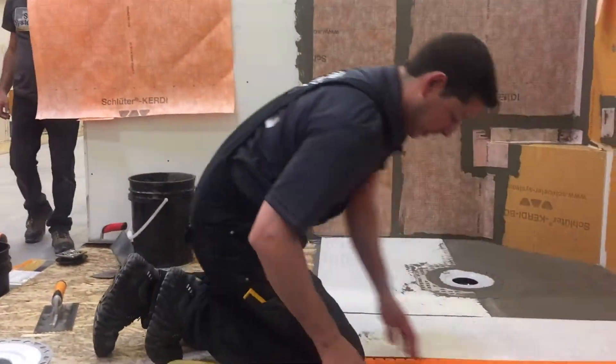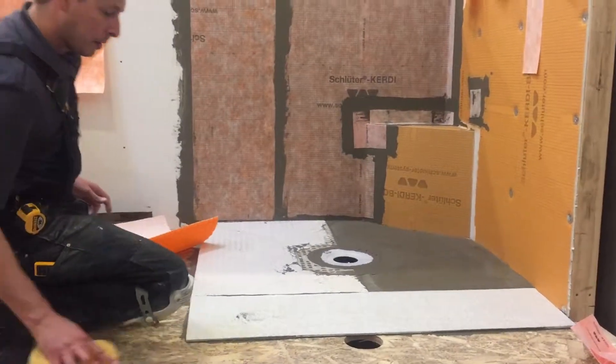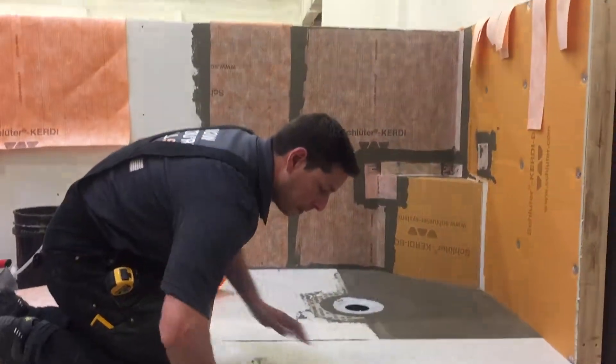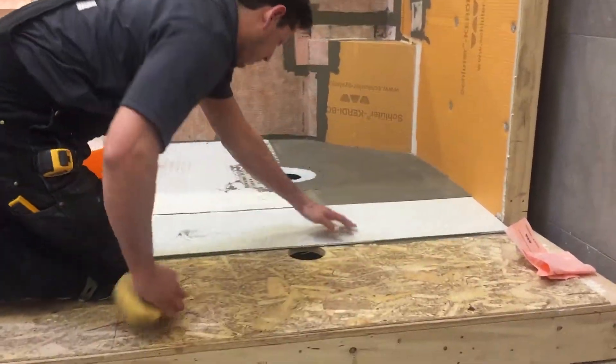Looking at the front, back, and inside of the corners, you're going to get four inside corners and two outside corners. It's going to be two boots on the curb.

* * *

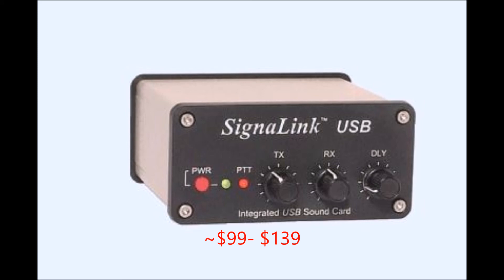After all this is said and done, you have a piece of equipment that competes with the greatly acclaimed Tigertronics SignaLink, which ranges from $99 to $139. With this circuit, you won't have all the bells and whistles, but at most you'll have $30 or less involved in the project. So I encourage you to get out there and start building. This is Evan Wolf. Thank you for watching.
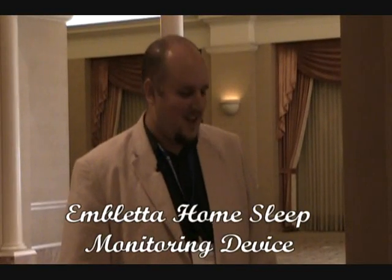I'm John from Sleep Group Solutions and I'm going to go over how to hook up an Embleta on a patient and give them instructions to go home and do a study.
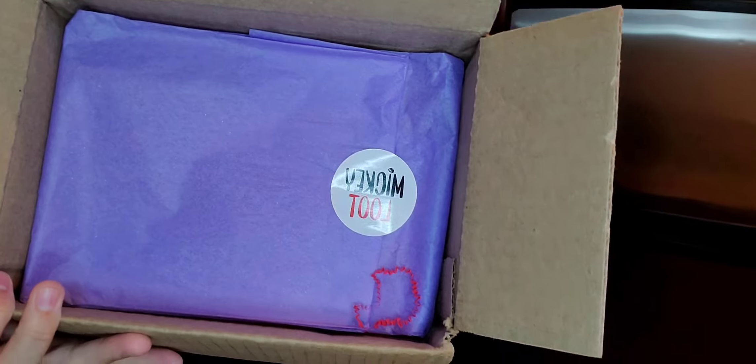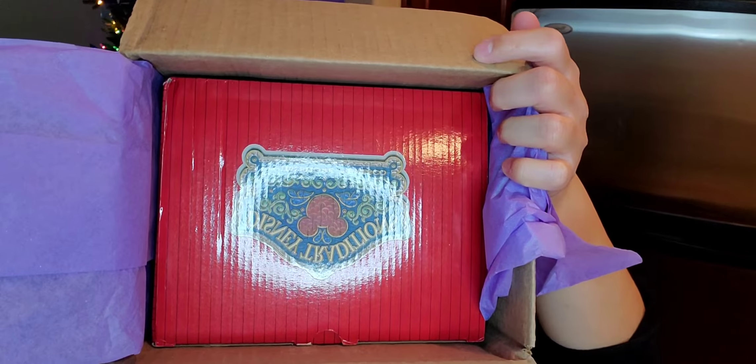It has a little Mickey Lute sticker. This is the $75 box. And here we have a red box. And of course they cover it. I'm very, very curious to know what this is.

■ What to produce: In the listing above, find the line with "I'm John from" and the line with "It has a little". Set down both and every line between them, minus the pictures.

■ Written solution:
I'm John from Sleep Group Solutions and I'm going to go over how to hook up an Embleta on a patient and give them instructions to go home and do a study.
It has a little Mickey Lute sticker. This is the $75 box. And here we have a red box. And of course they cover it. I'm very, very curious to know what this is.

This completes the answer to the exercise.